-- Work request --
Starting at the first line of the material below and stopping after the line that includes "Cute Christmas Animals", write the lines out again exactly. Drop any pictures.

========

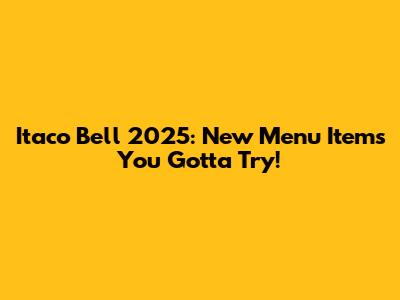 Itaco Bell 2025: New Menu Items You Gotta Try!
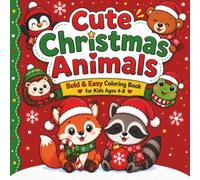Cute Christmas Animals Bold & Easy Coloring Book for kids ages 4-8: Bold and Easy Christmas Animal Designs with Large Simple Pages for Boys, Girls, ... Colorists (Christmas Bold & Easy for Kids)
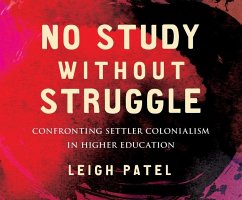 No Study Without Struggle: Confronting Settler Colonialism in Higher Education - Patel, Leigh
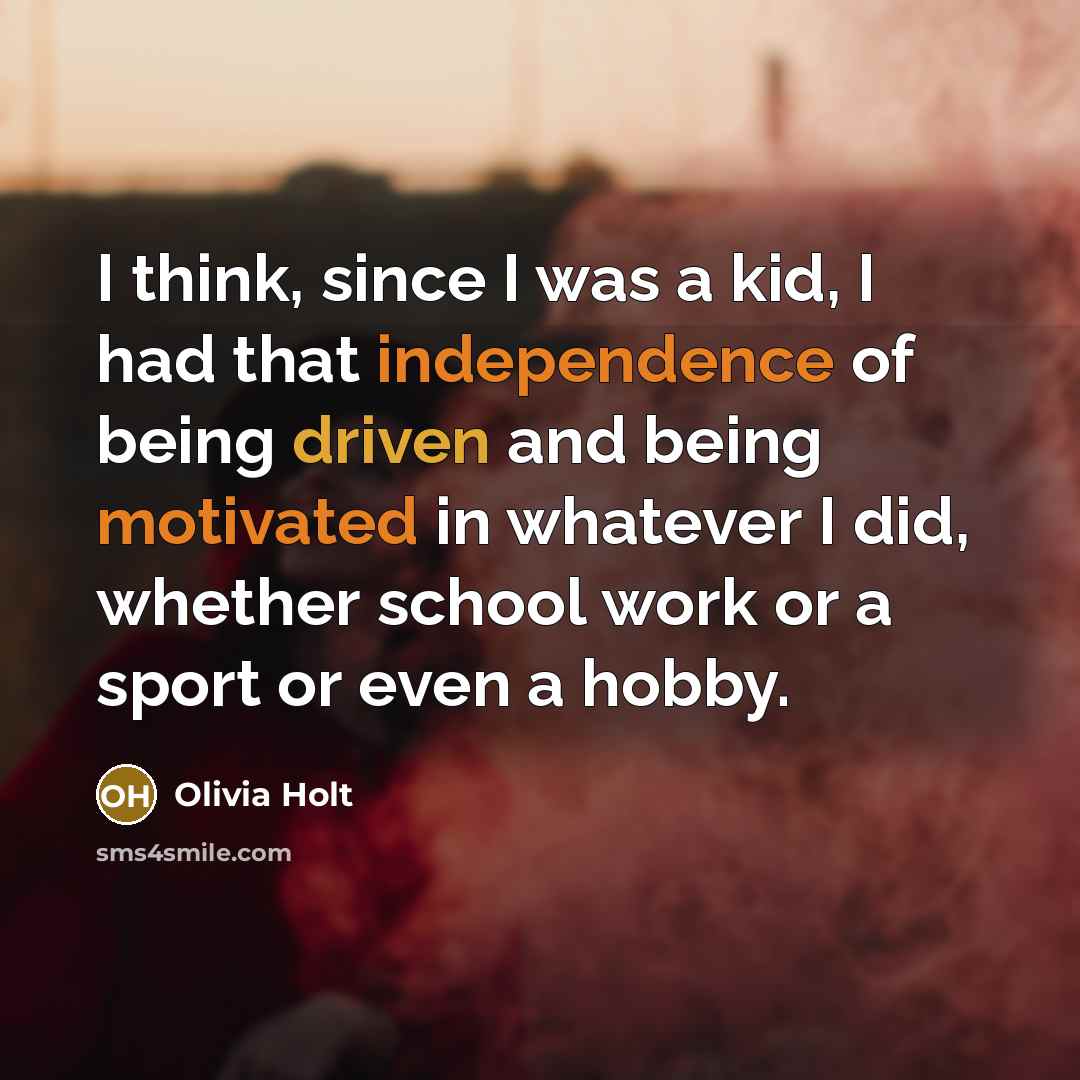 “I think, since I was a kid, I had that independence of being driven and being motivated in whatever I did, whether school work or a sport or even a hobby.” quote by Olivia Holt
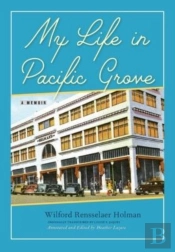 My Life In Pacific Grove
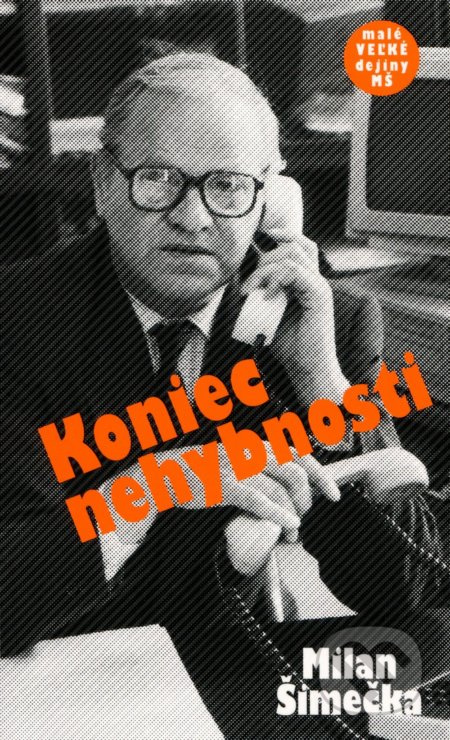 Koniec nehybnosti - Milan Šimečka - kniha z kategorie Historie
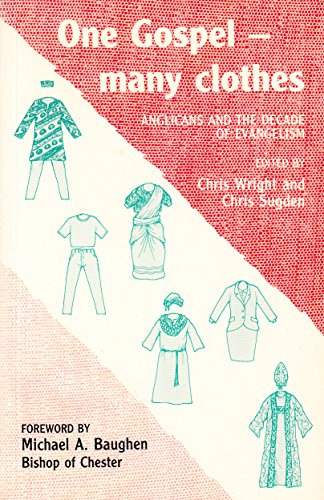 Beispielbild fr One Gospel Many Clothes: Anglicans and the Decade of Evangelism zum Verkauf von Anybook.com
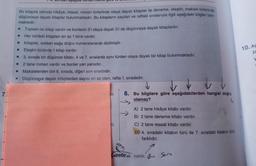 7.1
Bir kitaplık rafında hikâye, masal, roman türlerinde olaya dayalı kitaplar ile deneme, eleştiri, makale türlerinde
düşünceye dayalı kitaplar bulunmaktadır. Bu kitapların sayıları ve raftaki sıralarıyla ilgili aşağıdaki bilgiler bilin-
mektedir.
6. Soruları aşagıda verilen methe
▪ Toplam on kitap vardır ve bunların 5'i olaya dayalı 5'i de düşünceye dayalı kitaplardır.
M
Her türdeki kitaptan en az 1 tane vardır.
Kitaplar, soldan sağa doğru numaralanarak dizilmiştir.
Eleştiri türünde 1 kitap vardır.
3. sırada bir düşünce kitabı, 4 ve 7. sıralarda aynı türden olaya dayalı bir kitap bulunmaktadır.
2 tane roman vardır ve bunlar yan yanadır.
■
☐
W
Makalelerden biri 6. sırada, diğeri son sıradadır.
☐ Düşünceye dayalı kitaplardan sayısı en az olan, rafta 1. sıradadır.
in 8. Bu bilgilere göre aşağıdakilerden hangisi doğru
olamaz?
A) 2 tane hikâye kitabı vardır.
B) 2 tane deneme kitabı vardır.
C) 2 tane masal kitabı vardır.
D) 4. sıradaki kitabın türü ile 7. sıradaki kitabın türü
farklıdır.
Cantada keklik Bu sora
10. AS
za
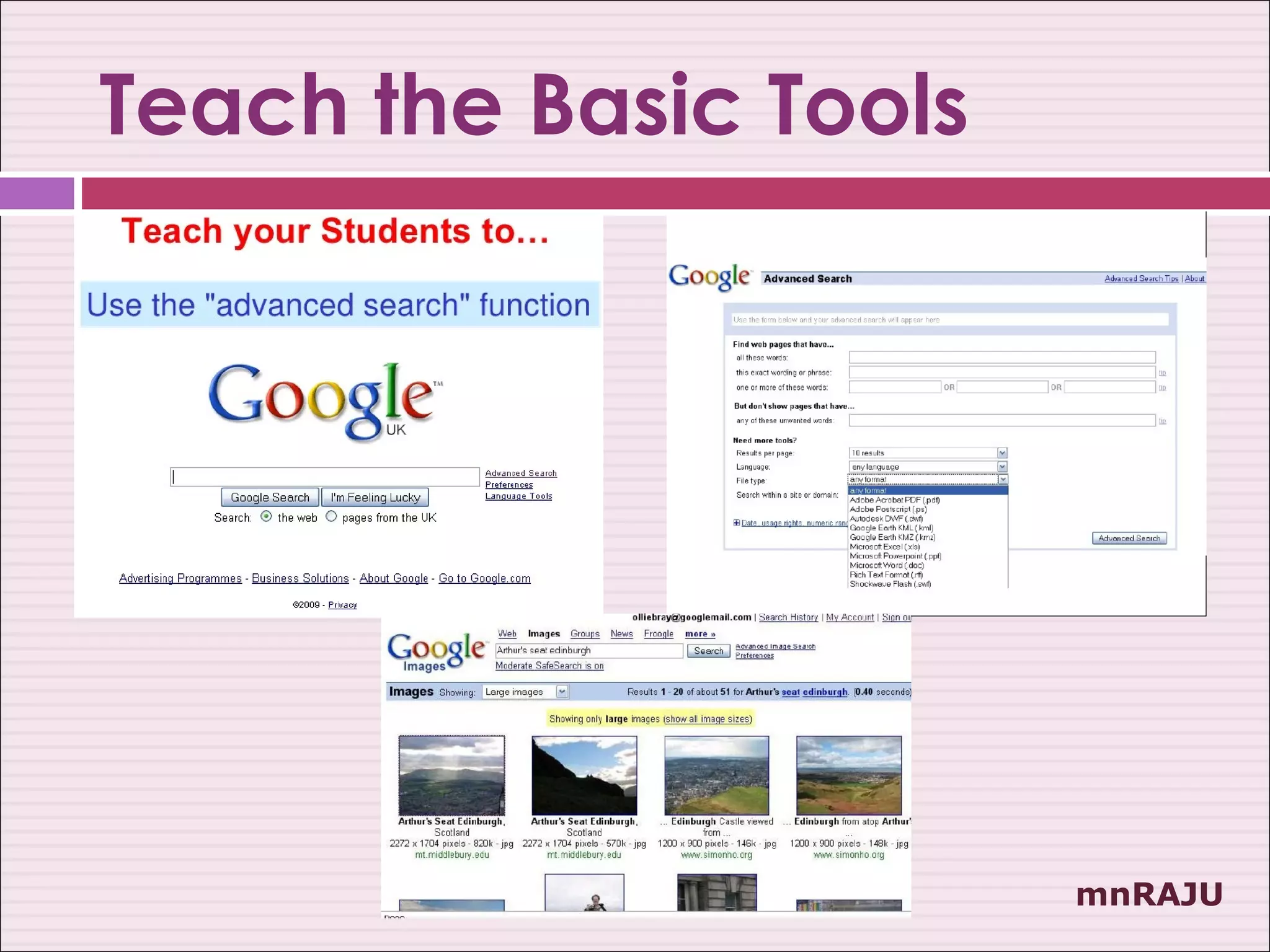 Teach the Basic Tools




                        mnRAJU
 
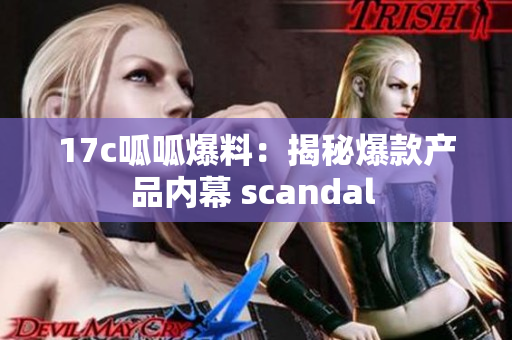 17c呱呱爆料：揭秘爆款產(chǎn)品內(nèi)幕 scandal 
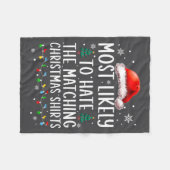 Christmas Most Likely To Hate Matching Funny Famil Fleecedecke (Vorderseite (Horizontal))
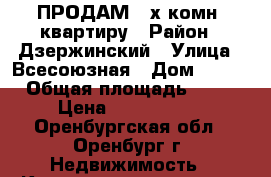 ПРОДАМ 3-х комн. квартиру › Район ­ Дзержинский › Улица ­ Всесоюзная › Дом ­ 7/1 › Общая площадь ­ 48 › Цена ­ 2 200 000 - Оренбургская обл., Оренбург г. Недвижимость » Квартиры продажа   . Оренбургская обл.,Оренбург г.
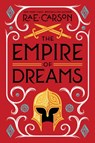 The Empire of Dreams - Rae Carson - 9780062691927
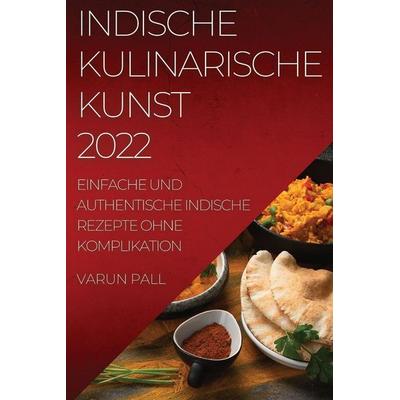 INDISCHE KULINARISCHE KUNST 2022, Taschenbuch von Varun Pall¿, Elif Nur, 978-1-83752-059-6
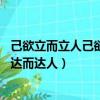 己欲立而立人己欲達而達人是誰的觀點（己欲立而立人 己欲達而達人）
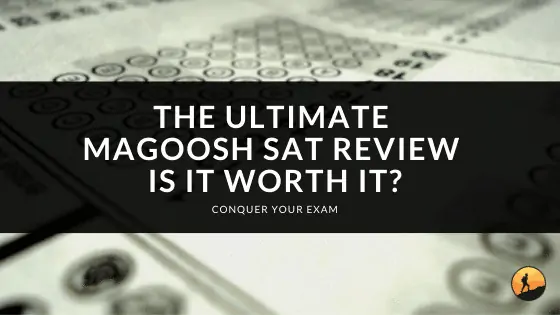 The Ultimate Magoosh SAT Review: Is it Worth It?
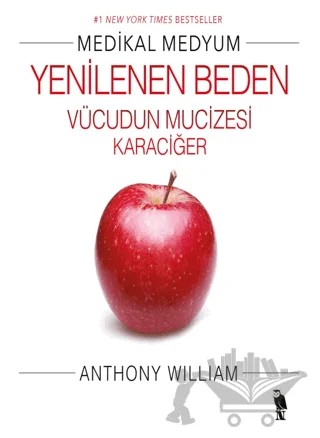 Yenilenen Beden – Anthony William – Nemesis Kitap kitap kapağı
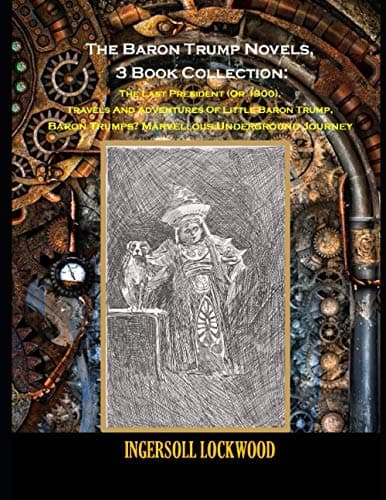 Image of The Baron Trump Novels, 3 Book Collection: The Last President (Or 1900), Travels And Adventures Of Little Baron Trump, Baron Trumps? Marvellous Underground Journey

========

-- Output of the exercise --
 Itaco Bell 2025: New Menu Items You Gotta Try!
Cute Christmas Animals Bold & Easy Coloring Book for kids ages 4-8: Bold and Easy Christmas Animal Designs with Large Simple Pages for Boys, Girls, ... Colorists (Christmas Bold & Easy for Kids)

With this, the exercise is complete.